By Jeff Parker, Evan “Doc” Shaner, Steve Rude, Jordie Bellaire, Dave Lanphear, and Steve Buccellato
Jeff Parker and Evan “Doc” Shaner are starting to become great partners. If you haven’t read their Convergence: Shazam issues, you owe it to yourself to go hunt them down. With the great colorist Jordie Bellaire on board, this is one heck of a team. However, these massive crossovers tend to not be very good. The previews looked decent, but we were still a little wary. Well, you can worry no more. Now that Snyder and Capullo are done with their run on Batman, this is easily the best DC title. With Rebirth upon us, that could quickly change, though topping this might be a tall order.
Unlike most crossovers, Future Quest manages to seamlessly juggle numerous characters and concepts. The story jumps from scene to scene and from character to character with a fluid motion that is downright impressive. In case you didn’t know, Future Quest is an attempt to bring together most of Hanna-Barbera’s classic action franchises from the sixties and seventies. We start out with a very bleak scene involving the Space Force and then jump right into a much lighter scene starring Johnny Quest and his gang. There are also some great scenes with some other classic characters, including Birdman and the awesome (yet evil) Dr. Zin. Parker remains true to every character, only updating them in the most subtle and important ways. These are written well enough that it’s both an ode to fans and easily accessible to readers unfamiliar with some of Hanna-Barbera’s lesser known properties.
Shaner handles the majority of the art and it is stunning work. Shaner is obviously influenced by the great Alex Toth (the guy who created a lot of these characters), so he’s really the perfect artist for the job. Shaner’s line work and Bellaire’s colors create the best of both worlds: a modern take that still resembles the roots of sixties animation. The scenes with Johnny Quest and Hadji are truly special. They spend a decent portion of the issue flying around with jetpacks, which has a look and feel that screams classic Hanna-Barbera. It’s enough to bring a tear to the eye of any fan of animation.

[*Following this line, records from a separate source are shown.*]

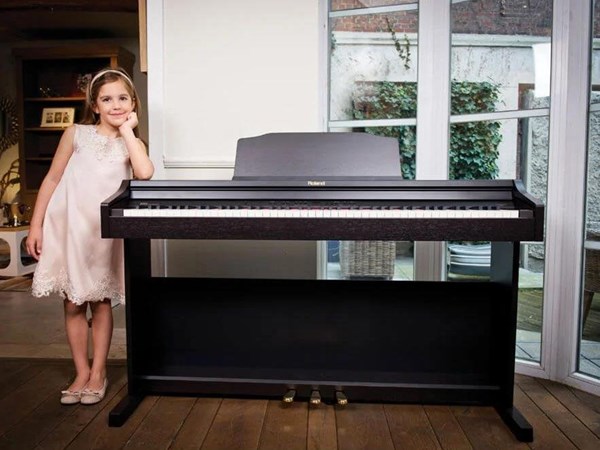 Piano Điện Roland  RP401R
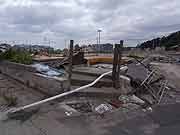 旧北上川沿いの門脇町2・3丁目の様子 (宮城県石巻市・門脇町2・3丁目 2011年7月21日)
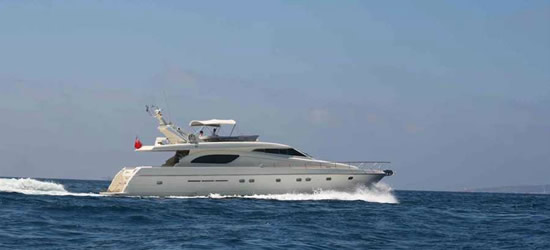 Ferretti 70 Fly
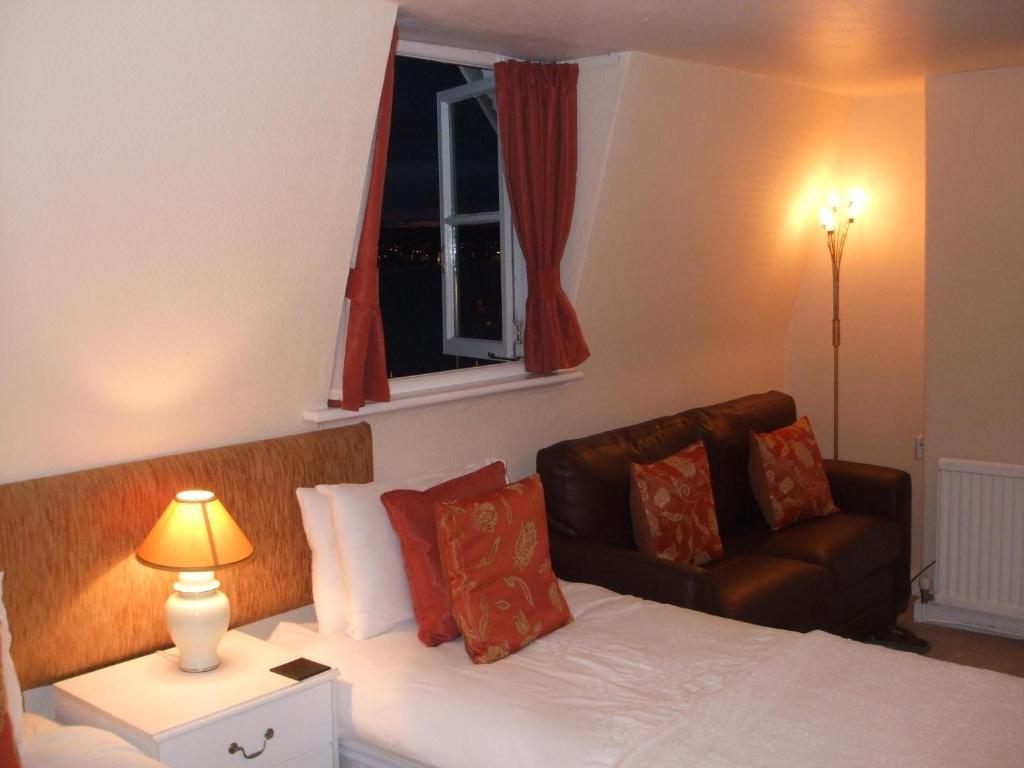 The Chatsworth Weymouth Room photo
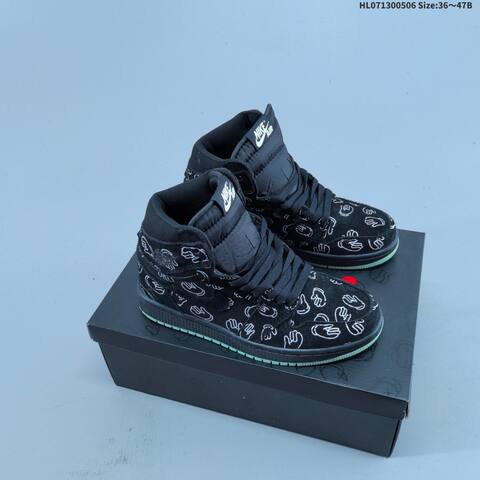 Jordan Air Jordan 1 Low Black White Graphic Print With Mint Outsole 36 47B Casual - Women's (BS-66024)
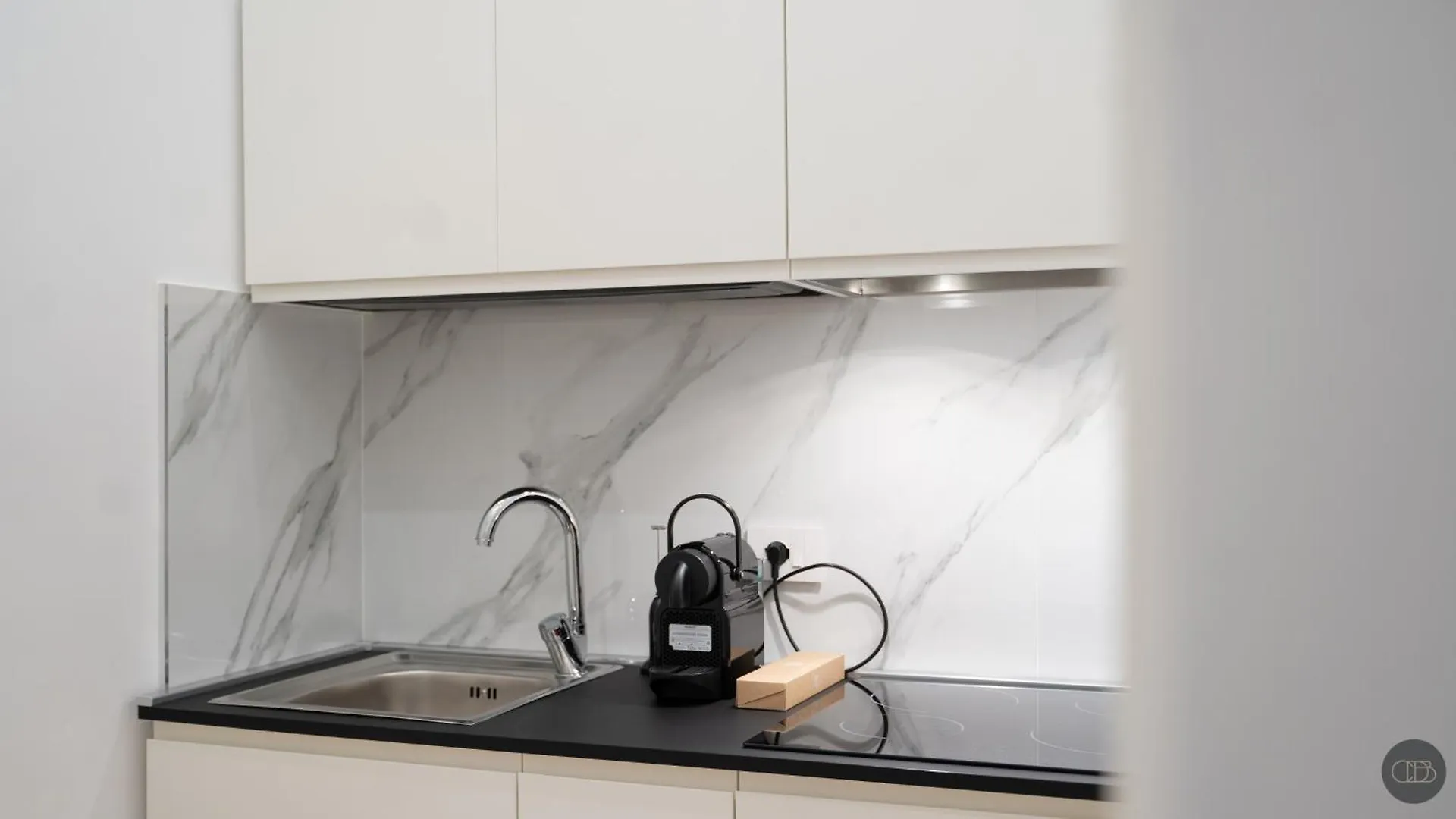 Cdb Apartments Naples Italy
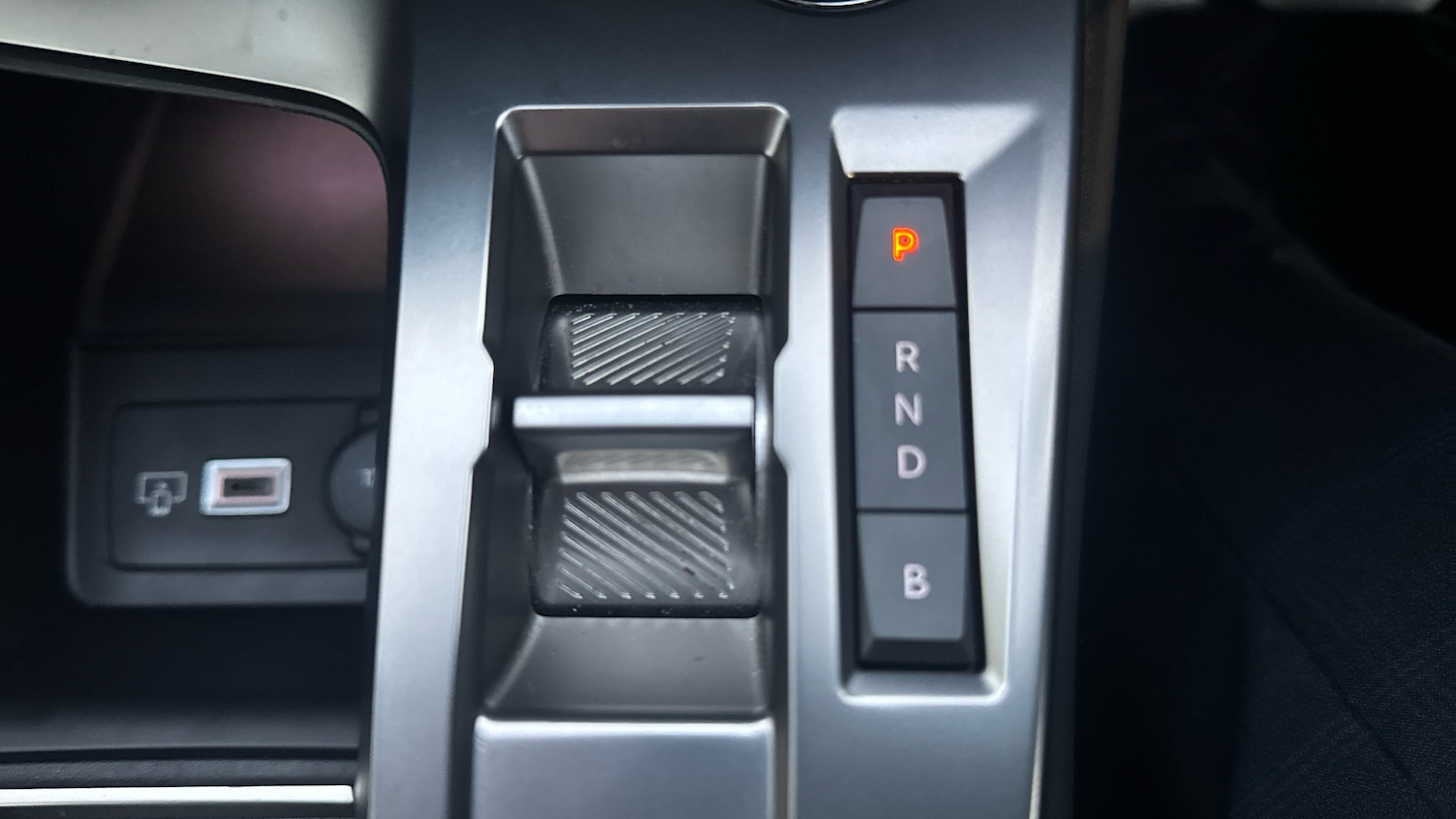 Used Peugeot 408 2024 for sale - 77060532: Photo 21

The other artist is Steve Rude, a guy who has done work on Hanna Barbera comic books in the past in addition to his own highly acclaimed work Nexus and countless other familiar comic properties. His style seems to mesh well with the Shaner pages, especially since his work also appears to have some influences in classic animation. The Dr. Zin scene is fantastically done and it was the right call to have Rude draw it. His lines have much more power to them, which adds to Zin’s already intimidating presence. Overall, the art has a very Kirby-esque drama to it all that works well with the original source material.
Future Quest is an absolute gem. This is the best version of these characters that we could ever hope for. Since DC wants to ship books twice a month, they should consider that strategy for Future Quest. Simply put, we can’t get enough.